→ **Dataset excerpt**:
<<<<
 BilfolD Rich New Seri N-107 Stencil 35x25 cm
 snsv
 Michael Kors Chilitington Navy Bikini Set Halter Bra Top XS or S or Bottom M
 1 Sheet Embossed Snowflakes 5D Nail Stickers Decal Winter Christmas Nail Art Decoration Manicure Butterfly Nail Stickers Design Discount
>>>>
→ **Task directions**:
Please copy the material above without changing a single word.

→ **Exercise result**:
 BilfolD Rich New Seri N-107 Stencil 35x25 cm
 snsv
 Michael Kors Chilitington Navy Bikini Set Halter Bra Top XS or S or Bottom M
 1 Sheet Embossed Snowflakes 5D Nail Stickers Decal Winter Christmas Nail Art Decoration Manicure Butterfly Nail Stickers Design Discount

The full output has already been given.